Pircher Oberland Srl is an Italian company operating in the field of sustainable timber construction, DIY and garden furnishings. It was founded in 1928 by Josef Pircher and has been subsequently managed by the Pircher family. In 2010, it was awarded the Red Dot Design Award for its modular wooden construction system, Planit.

==Company history==
Pircher Oberland Srl was founded by Josef Pircher in 1928, who opened a sawmill in Toblach, in the northern Italian province of South Tyrol. From 1956 he was supported by his son Reinhard, who later on would enlarge and diversify the company. As of 2010, the company remains under the management of the Pircher Family.

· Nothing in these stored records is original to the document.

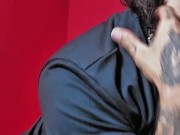 Hot inked guy with mullet takes bath after fucking blue haired gamer gf all day 😳 3/16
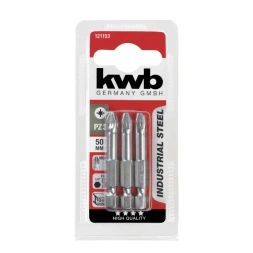 Embout industrie 50mm PZ3 3 pièces - KWB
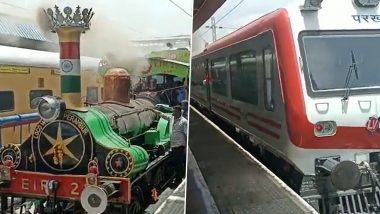 Independence Day 2022: India’s Oldest Steam Locomotive EIR-21 Takes Trial Ahead of I-Day Celebrations (Watch Video)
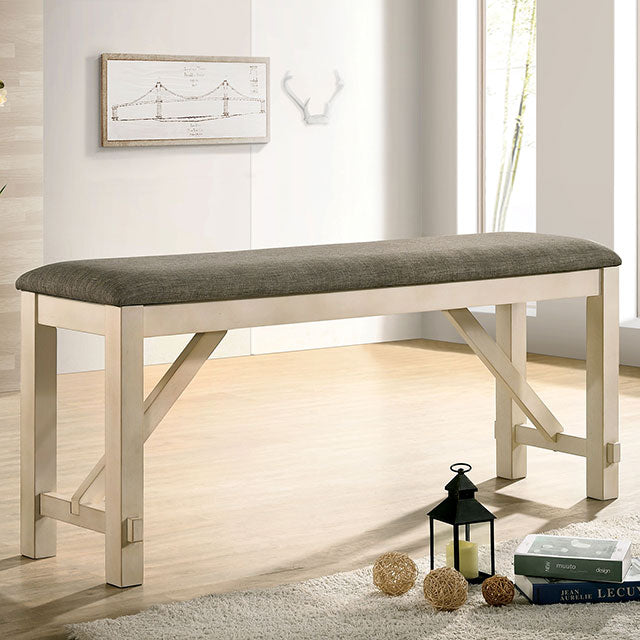 Jamestown Counter Ht. Bench - U&U Home Budget Furniture (Carteret, NJ)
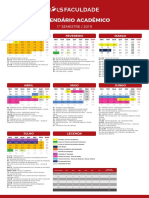 Calendário academigo grade de curso de direito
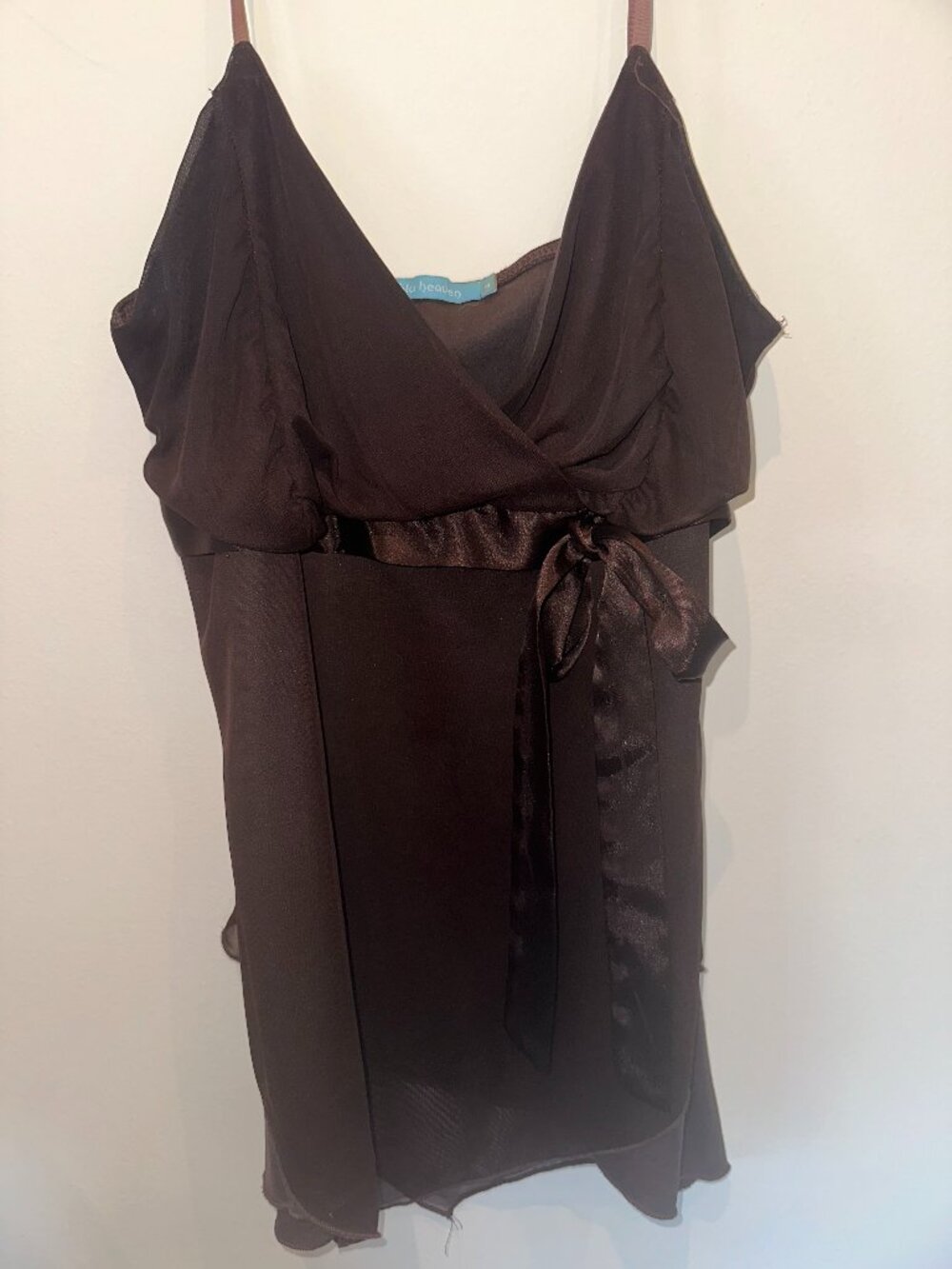 Blu Heaven Brown Mesh Y2K Top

In 1968, the company produced its first original Finnish sauna, and in 1978 it entered the DIY market with its "Holzmarkt" product line. 1969 Pircher opened a new site in Cittiglio (Varese, Italy), first production of concrete roof tiles, followed by the production of concrete channels. In 1990 the warehouse and logistics of Holzmarkt products moved to Bondeno di Gonzaga. Lamellar wooden beams have been produced since 1992. 1990 starts the production of pressure-impregnated wood for outdoor furniture (Tartaruga line). 1996 construction of the new site in Rolo, which becomes a new logistics and CRM centre. 2003 Reinhard Pircher, known as an enlightened entrepreneur and great visionary, died. 2005 opens the second production site for concrete products in Gazzuolo (Mantova, Italy) and 2018 all concrete production was concentrated at the renovated and expanded site in Gazzuolo.
2019 marks the beginning of a new era with the definition of a modern, cross-cutting corporate vision and culture, and the gradual implementation of a radically renewed corporate strategy, successfully implemented since 2024.

==Planit==
In 2010, Pircher Overland Spa was awarded the Red Dot Design Award for product design for its modular wooden construction system, Planit. Planit is a modular prefabricated system, made of natural wood, and planned by Studio Bestetti e Associati of Milan. Planit modules have three different measures which can be combined in different ways to create different architectural compositions that can serve as civil residences as well as production sites. The principal materials used are wood and glass; its structure allows a thermal and an acoustic isolation. The product innovation lies in the evolution of the concept of living which acquires another connotation, namely a more responsible and sustainability-oriented way of life.